Giusta la sanzione disciplinare al militare che condivide con un collega una serie di messaggi di whatsapp con i quali critica e parla male di altri ufficiali. Lo stabilisce il Tar Sardegna con la sentenza del 14 marzo scorso n. 174.

Sanzione al militare che con whatsapp parla male di colleghi e attività

La vicenda – Il rimprovero scritto era scattato quando l’amministrazione era venuta a sapere che il tenente colonnello, conversando attraverso messaggi istantanei con un altro ufficiale di grado inferiore, commentava e valutava in modo negativo l’operato di ufficiali superiori e la sua condizione di servizio, minando il clima organizzativo e la serenità del personale.

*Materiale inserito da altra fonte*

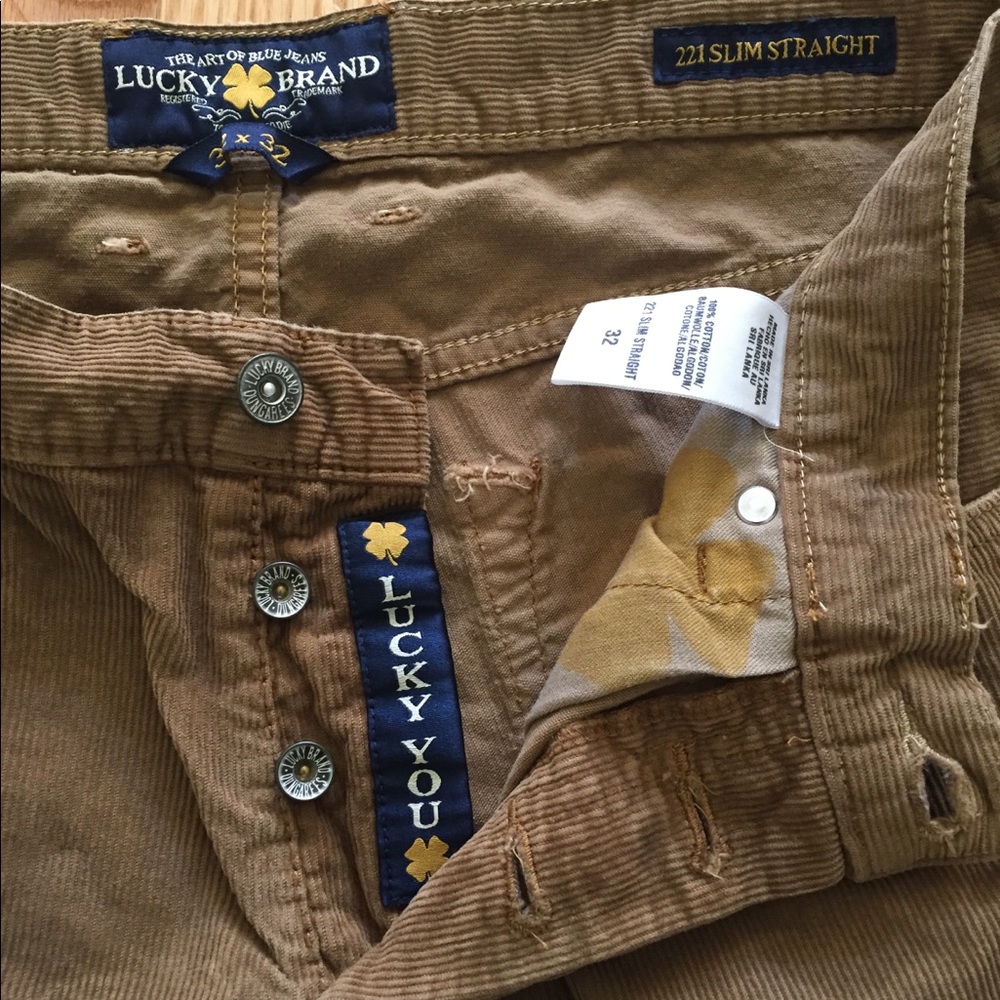 Lucky brand corduroy 221 slim straight jeans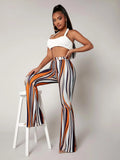 Striped High Waist Flared Leg Pants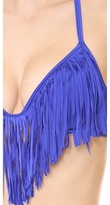 Thumbnail for your product : Luli Fama Cosita Buena Fringe Plunge Bikini Top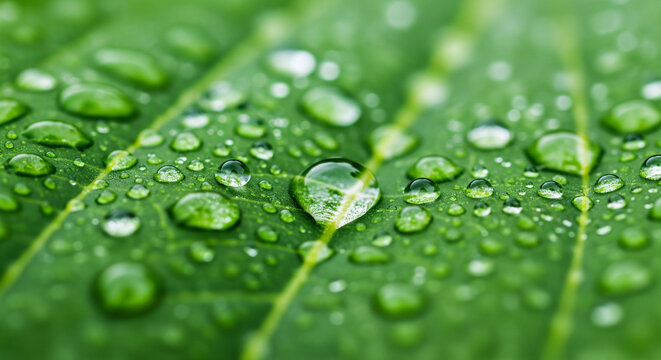 A Vibrant Green Leaf Glistens With Dewdrops Creating A Serene And Refreshing Atmosphere In Nature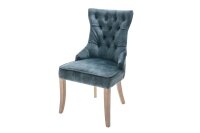 Chaise de salle &agrave; manger velours bois en...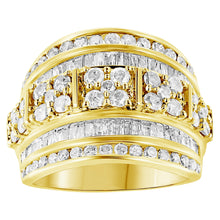 Load image into Gallery viewer, .925 Sterling Silver 2.0 Cttw Round & Baguette Cut Diamond Multi-Row Channel Set Tapered Cocktail Fashion Ring (I-J Color, I3 Clarity) - Size 7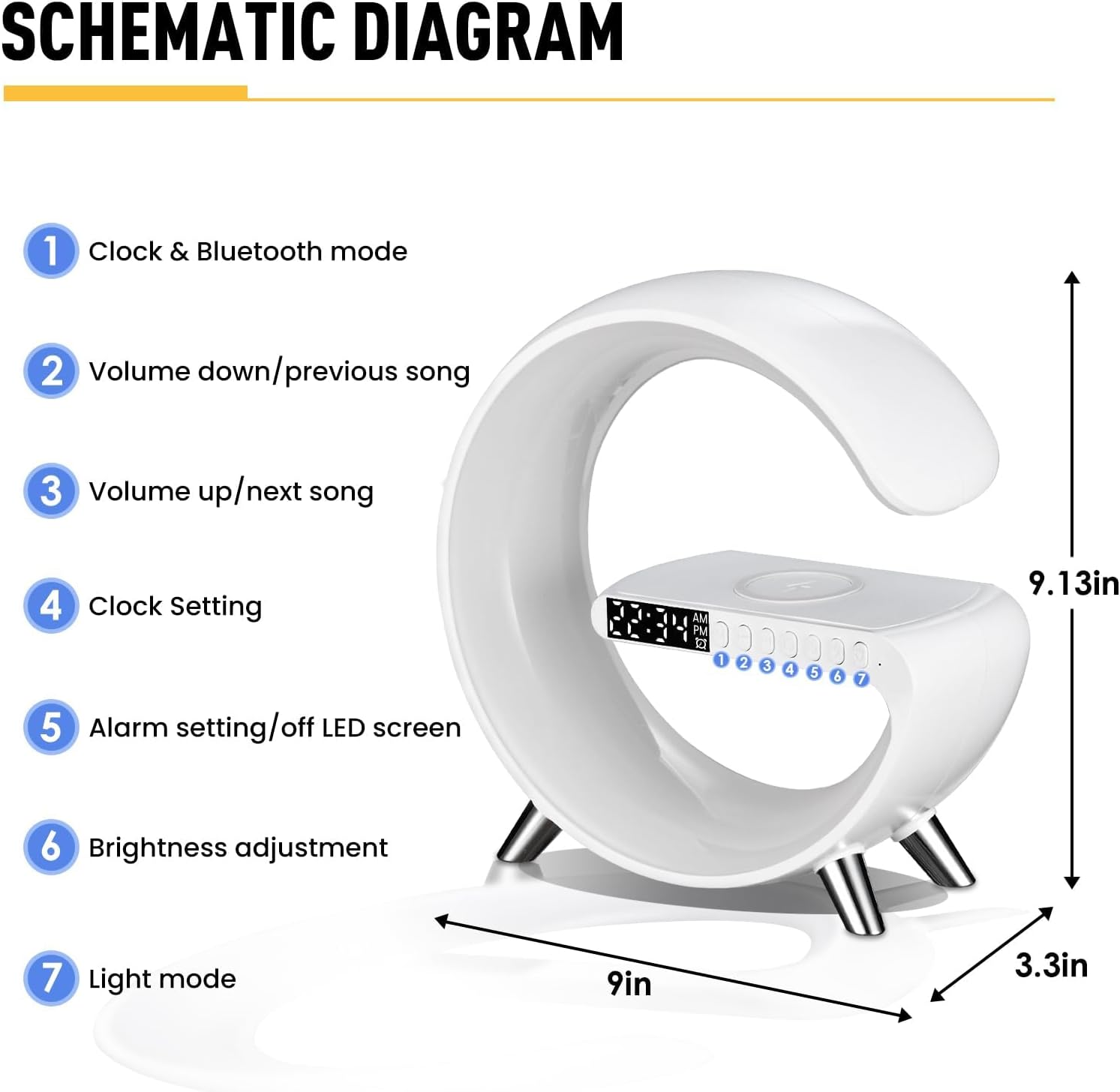 LeeNabao Lámpara de mesa LED inteligente, cargador inalámbrico 4 en...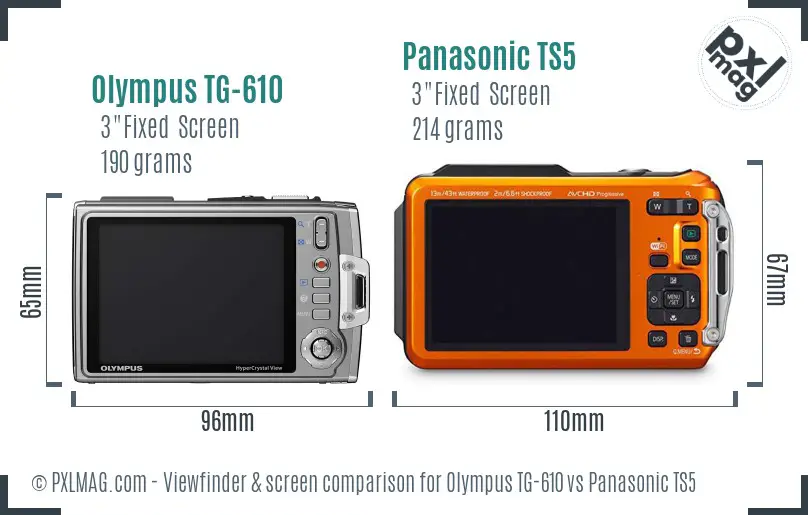 Olympus TG-610 vs Panasonic TS5 Screen and Viewfinder comparison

Il procedimento disciplinare – Contro il procedimento il militare aveva sollevato vari motivi di appello, dall’eccesso di potere per difetto di istruttoria e illogicità manifesta alla violazione del giusto procedimento, ma il punto sul quale la difesa si è più concentrata è quello della natura della conversazione: comunicazioni private, scambiate al di fuori di chat di lavoro o ufficiali, sulle quali non si sa come il Comando ne fosse venuto a conoscenza.

In sostanza – basandosi anche su un precedente della Corte di cassazione – secondo il ricorrente la comunicazione tra lui e la collega non poteva essere utilizzata dall’amministrazione al fine di fondare la contestazione disciplinare, in quanto «i messaggi che circolano attraverso le nuove “forme di comunicazione”, ove inoltrati non ad una moltitudine indistinta di persone ma unicamente agli iscritti ad un determinato gruppo, come appunto nelle chat private o chiuse, devono essere considerati alla stregua della corrispondenza privata, chiusa e inviolabile, quindi sono inidonei a realizzare una condotta diffamatoria in quanto, ove la comunicazione con più persone avvenga in un ambito riservato, non solo vi è un interesse contrario alla divulgazione, anche colposa, dei fatti e delle notizie, ma si impone l’esigenza di tutela della libertà e segretezza delle comunicazioni stesse».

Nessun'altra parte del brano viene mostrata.